◆ Exercise details:
Hand back, word for word, the lines from the one containing "Picture of Air Jordan 4 _SKUfc4203027fc" to the end of the records, both included, and leave out pictures.

◆ Captioned web images:
-------------------------
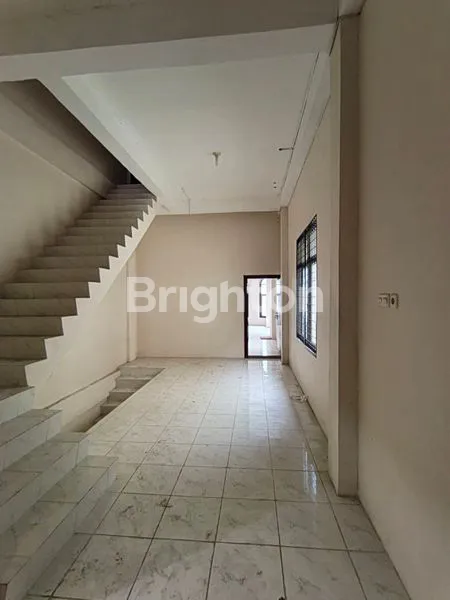 image DIJUAL RUKO MMTC MEDAN - SIAP HUNI - KOMPLEK BISNIS (7)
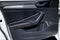 2019 Volkswagen Jetta SE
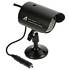 Wireless 2.4ghz Night Vision Color Camera CM-818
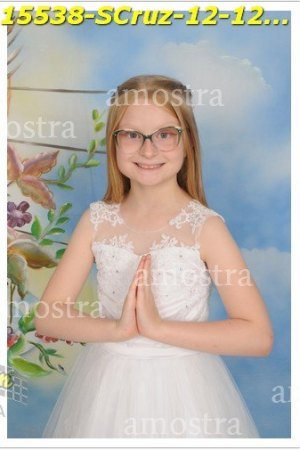 15538-SCruz-12-12-2021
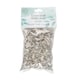 image 1 of Something Different Dried Sage Leaves - White - One Size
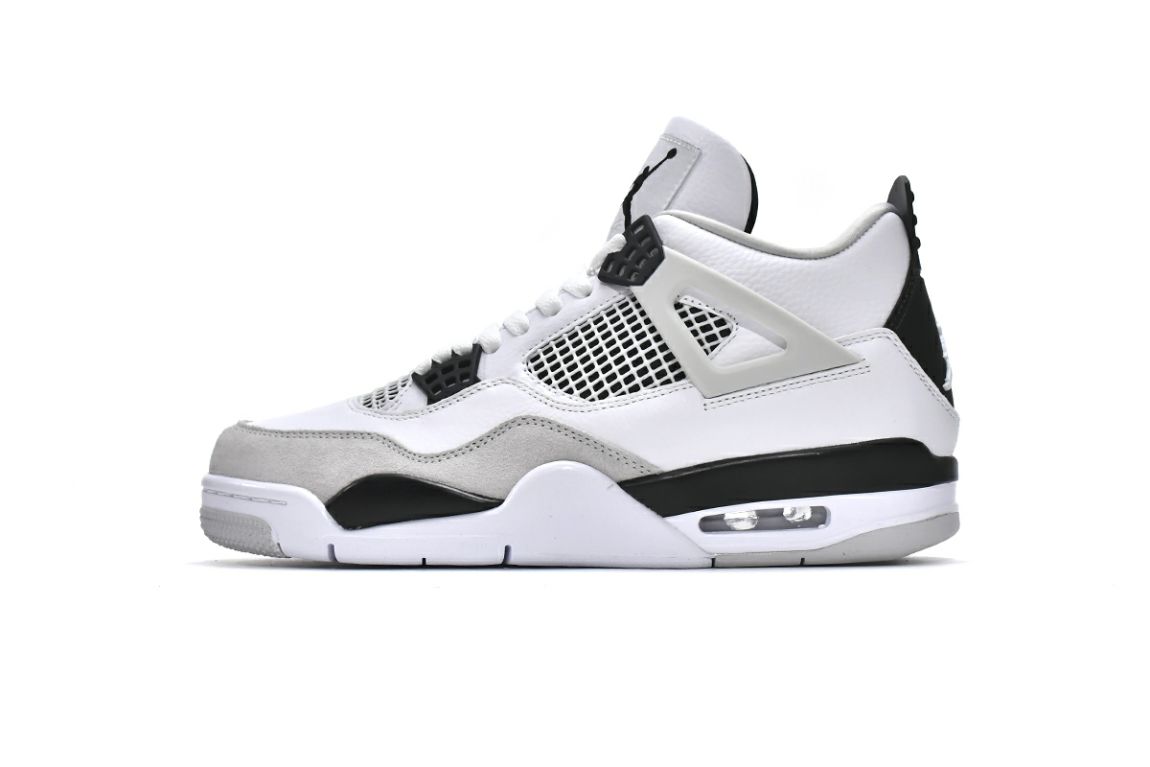 Picture of Air Jordan 4 _SKUfc4203027fc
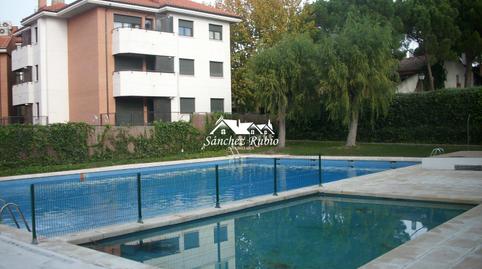 Photo 3 of Flat to rent in Calle Juan Van-halen, 4, Casco Antiguo, Madrid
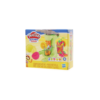 Play-doh® Juicer Mini Play food set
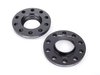 ECS ECS Tuning Front Wheel Spacer & Bolt Kit - 15mm - 74.1mm CB ECS#264KTWB1 View 3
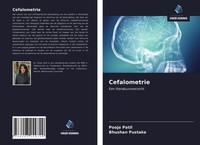 Pooja Patil (U. A.) | Cefalometrie | Taschenbuch | NiederläNdisch (2021)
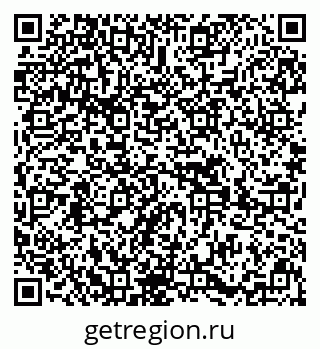 79639609600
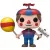 Balloon Boy Funko Pop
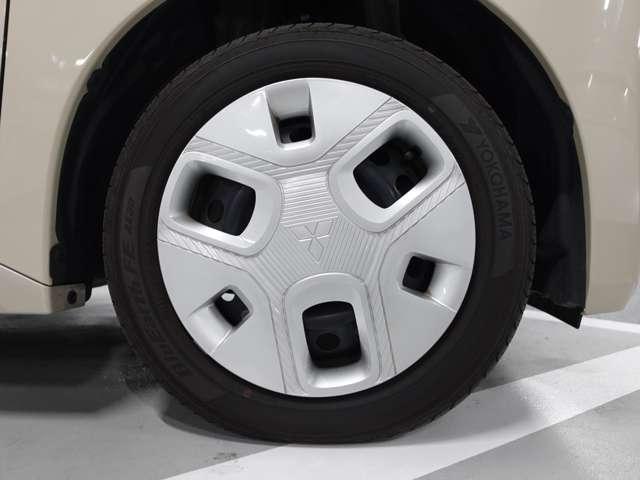 eKスペース G ★純正9インチナビ★バックカメラ★ETC車載器★LEDヘッドライト★オートマチックハイビーム★サイド・カーテンエアバッグ★当店試乗車(64枚目)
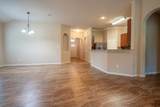 13874 Oak Manor Drive - Photo 18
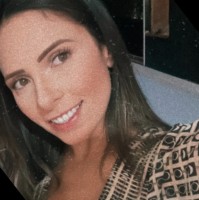 Clarissa Ribeiro Costa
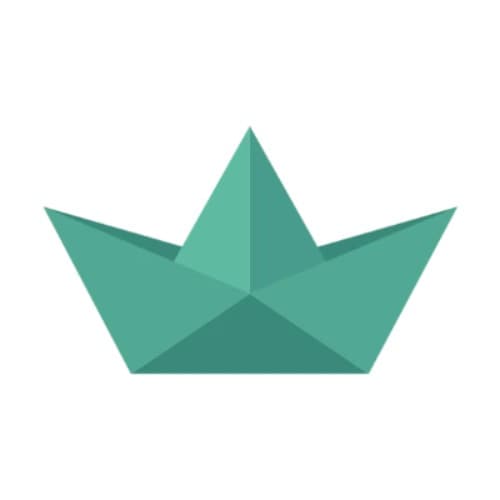 CaptainVerify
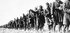 28η Οκτωβρίου 1940 - Διαρκές Μάθημα Ελευθερίας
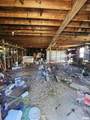 107 & 109 4TH Street - Photo 43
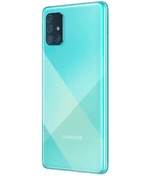 side-view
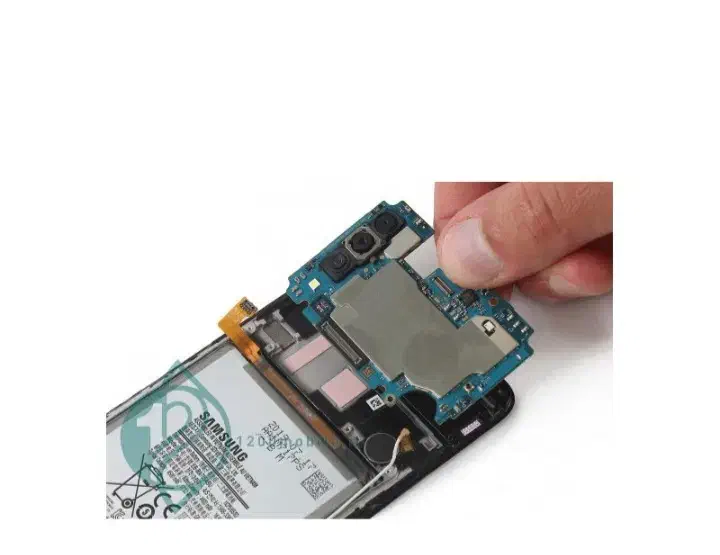 پخش انواع برد با کارتون و انتقال مالکیت و السیدی|لوازم جانبی موبایل و تبلت|اصفهان, لیمجیر|دیوار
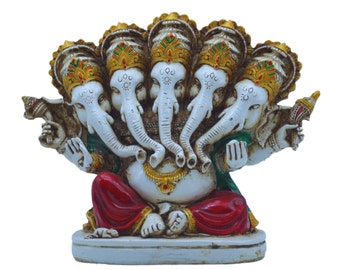 ガネーシャ　直筆画　ガナパティ　バクティ カナナクラッシーバッグ／Kanana Classy Bag | ラインナップ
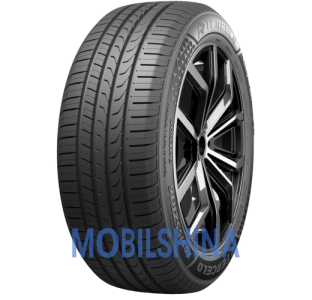 Шини Легковые Tercelo Citytrip Pro C7 R14-R18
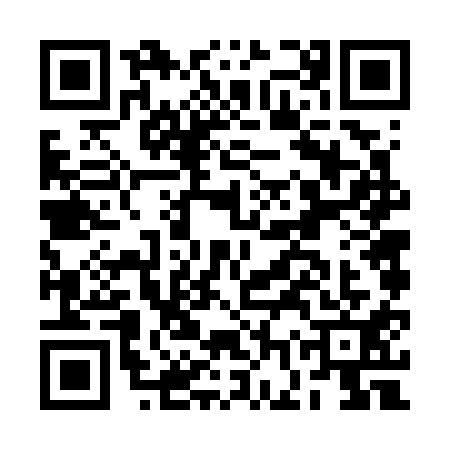 QR code for BGV7112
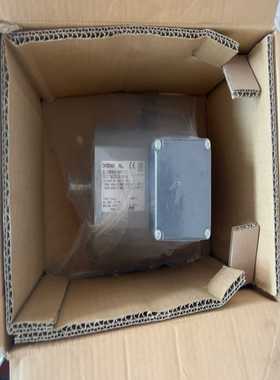 询价全新BrotherGL15N060-BMRF2C齿轮电机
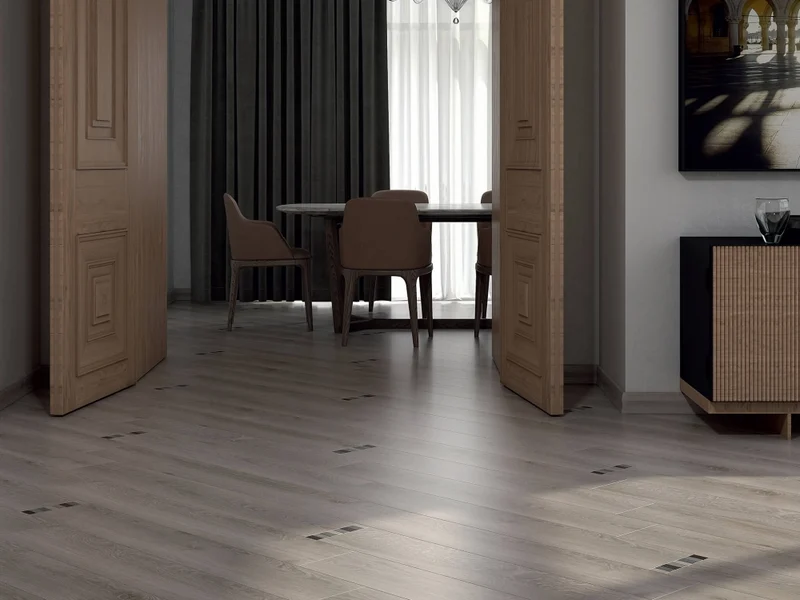 Плитка Kerama Marazzi Арсенале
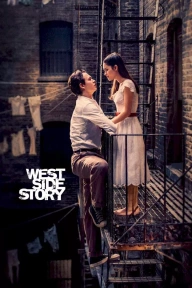 West Side Story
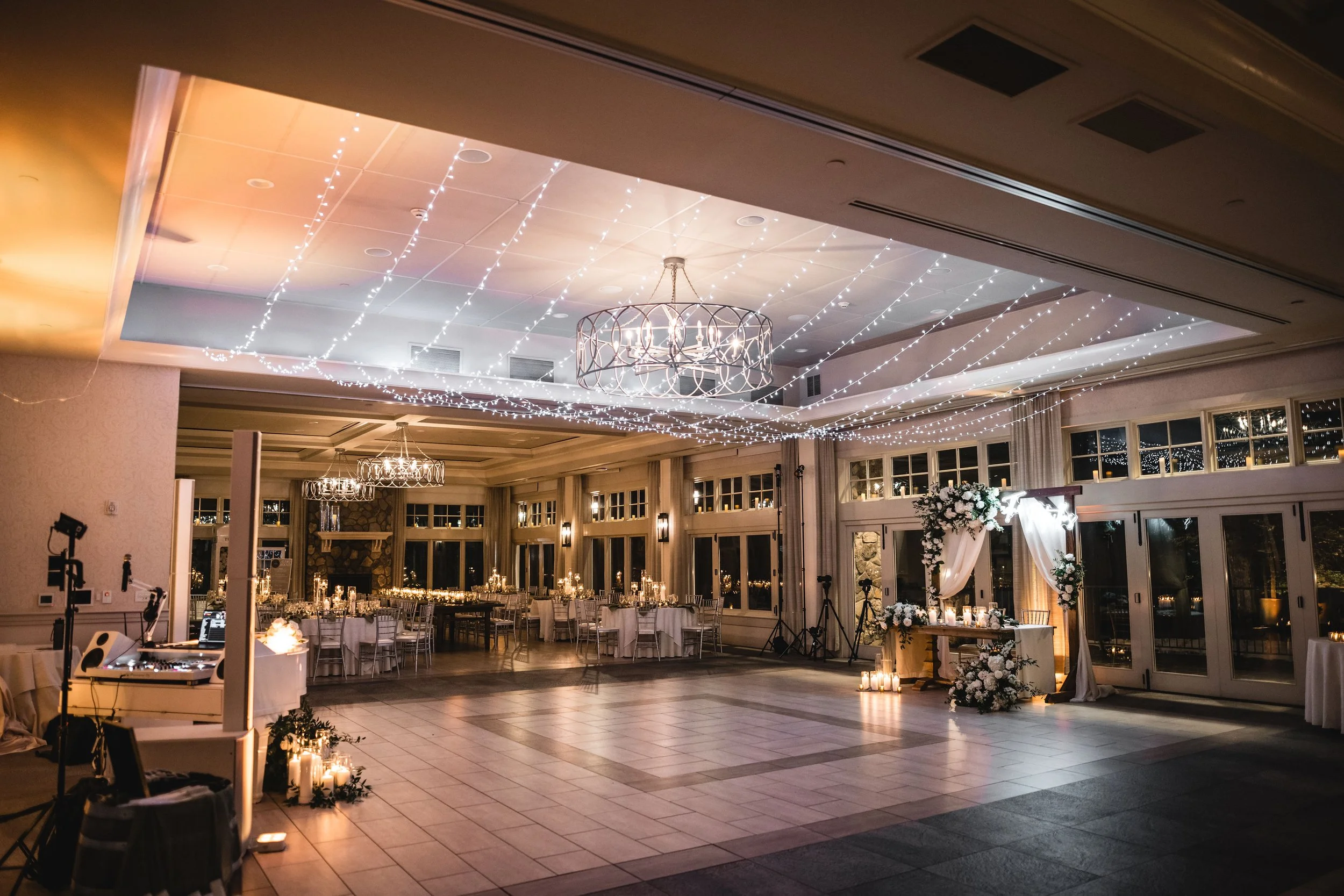 Gianna-Tommy_Wedding-0493.jpg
-------------------------
◆ The answer:
 Picture of Air Jordan 4 _SKUfc4203027fc
 Photo 3 of Flat to rent in Calle Juan Van-halen, 4, Casco Antiguo, Madrid
 Play-doh® Juicer Mini Play food set
 ECS ECS Tuning Front Wheel Spacer & Bolt Kit - 15mm - 74.1mm CB ECS#264KTWB1 View 3
 Pooja Patil (U. A.) | Cefalometrie | Taschenbuch | NiederläNdisch (2021)
 79639609600
 Balloon Boy Funko Pop
 eKスペース G ★純正9インチナビ★バックカメラ★ETC車載器★LEDヘッドライト★オートマチックハイビーム★サイド・カーテンエアバッグ★当店試乗車(64枚目)
 13874 Oak Manor Drive - Photo 18
 Clarissa Ribeiro Costa
 CaptainVerify
 28η Οκτωβρίου 1940 - Διαρκές Μάθημα Ελευθερίας
 107 & 109 4TH Street - Photo 43
 side-view
 پخش انواع برد با کارتون و انتقال مالکیت و السیدی|لوازم جانبی موبایل و تبلت|اصفهان, لیمجیر|دیوار
 ガネーシャ　直筆画　ガナパティ　バクティ カナナクラッシーバッグ／Kanana Classy Bag | ラインナップ
 Шини Легковые Tercelo Citytrip Pro C7 R14-R18
 QR code for BGV7112
 询价全新BrotherGL15N060-BMRF2C齿轮电机
 Плитка Kerama Marazzi Арсенале
 West Side Story
 Gianna-Tommy_Wedding-0493.jpg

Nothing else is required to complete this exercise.